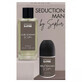 Saphir Seduction Man Set Perfumed Eau de Parfum 100 ml + Ball Deodorant 50 ml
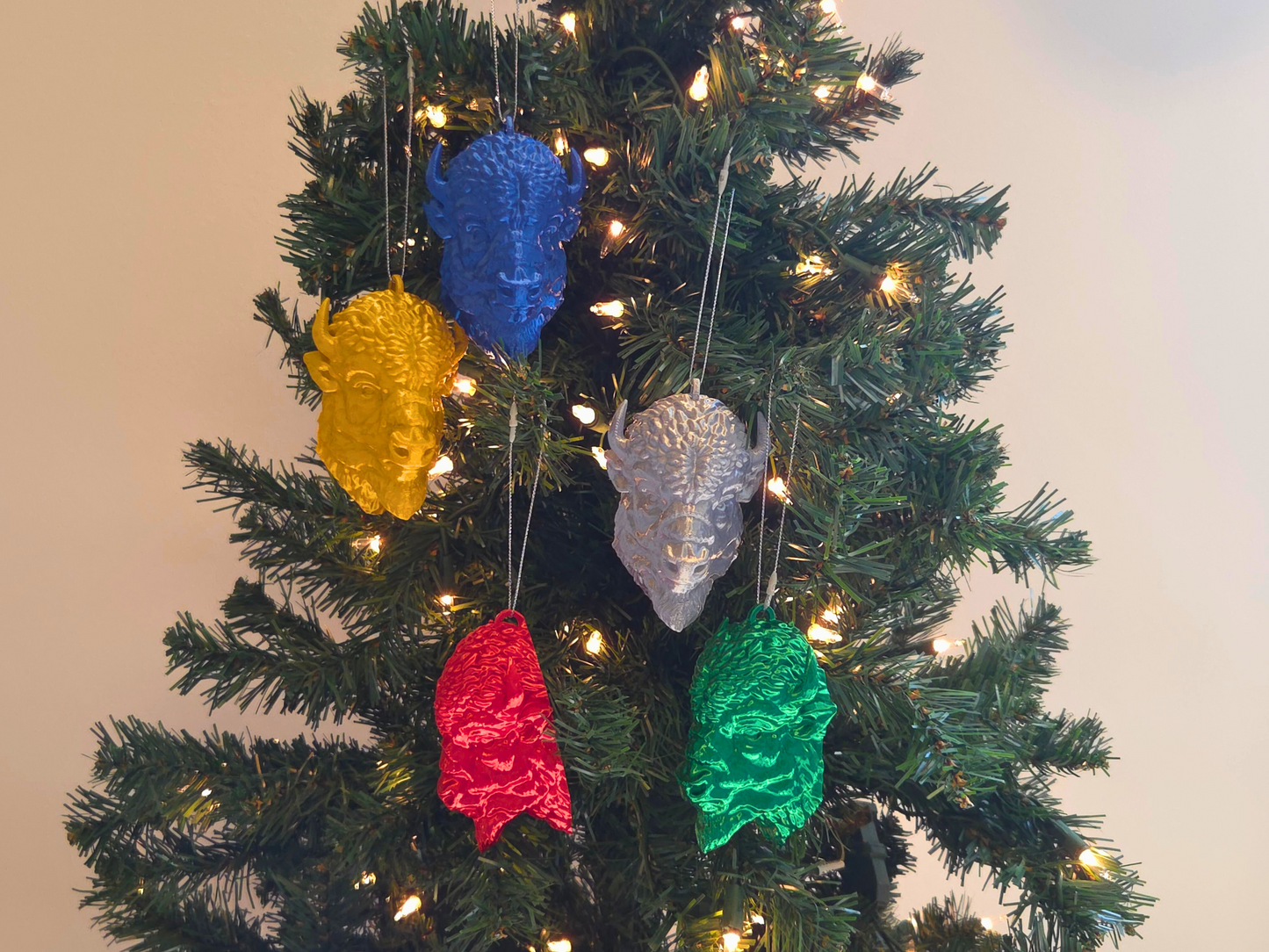 PREORDER | Bison Christmas Ornaments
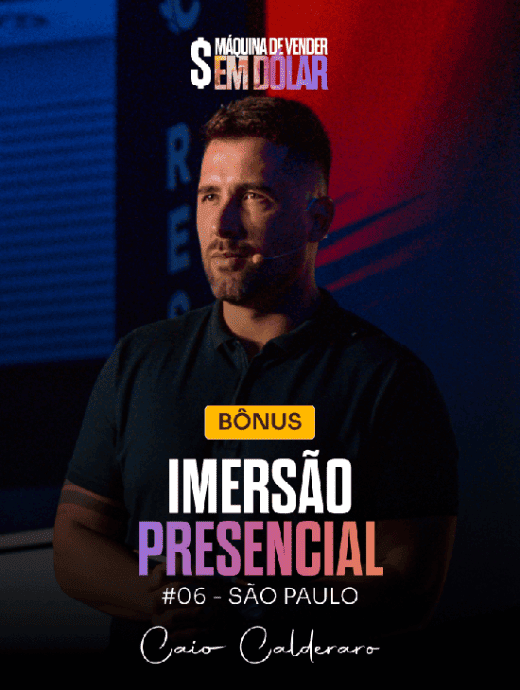 Imersão Presencial MVD
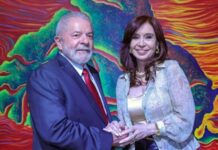 Lula habló de “Brasil y del mundo” con Cristina Kirchner y otros líderes latinoamericanos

:: Exercise directions ::
Return an exact copy of the data above, apart from any pictures.

:: Output ::
 Saphir Seduction Man Set Perfumed Eau de Parfum 100 ml + Ball Deodorant 50 ml
 PREORDER | Bison Christmas Ornaments
 Imersão Presencial MVD
 Lula habló de “Brasil y del mundo” con Cristina Kirchner y otros líderes latinoamericanos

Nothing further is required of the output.